3年間の経過処置はあるが・・・
先ほどのBさん(免税事業者)が一晩で22万円を売り上げた場合、店側はBさんに11万円を支払うとする。Bさんがインボイス登録をしていれば、店側の消費税の納付額は1万円(売り上げにかかる消費税2万円-Bさんへの報酬(仕入れ)にかかる消費税1万円)となる。

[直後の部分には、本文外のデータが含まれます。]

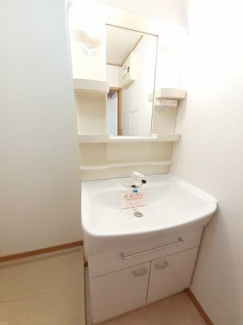 【洗面所】 | ヴァンエコールＢ | 明るい洗面所です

だが、Bさんはインボイス登録をしていないので、本来であれば店側はBさんに支払った1万円を控除できず、2万円を納付することとなるが、経過措置があるので1.2万円(2万円-1万円×80%)で済む。
実務上は、インボイス登録をした取引先には仕入れ税額控除を使い、免税事業者との取引は経過措置を使うことになりそうだ。実際に、業務委託で編集や原稿執筆を依頼している都内の出版社はこの方式を採用しているという。
ただし、この経過措置は問題をはらむ。一つは、インボイス登録をしてもしなくても同一額をもらえるため、取引先間での不公平感が生まれることだ。ホステスAさんがBさんに対して抱いた感情がこれだ。
二つ目は、経過措置は3年で切れることだ。いずれ事業者は仕入れ分の消費税全額を負担しなければならなくなる。
では、取引先にインボイス登録を求めるのがいいのか。公正取引委員会は、インボイス登録しないことを理由に、下請け事業者に対して取引価格を引き下げたり、取引を打ち切らないよう注意喚起している。公取委の注意喚起や競合他者との競争上、仕入れ税額分を負担する事業者が相当程度出てくるとみられる。
ケース1で店側が、当初Aさんに伝えた「非登録のホステスにはこれまで支払っていた消費税分は差し引く」という方針を覆し、非登録のホステスにも消費税込みの額を支払うことを決めたのも、こうした状況に配慮したからだろう。ホステスは引き抜きや人の出入りが激しく、他店の動向を見ての判断とみられる。
インボイス導入前は、登録しないフリーランスなどの事業者が支払額を減らされるリスクが取りざたされた。今後は、免税事業者との取引で仕入れ税額分を自己負担せざるを得ない事業者、特に零細事業者の財務圧迫が顕在化してきそうだ。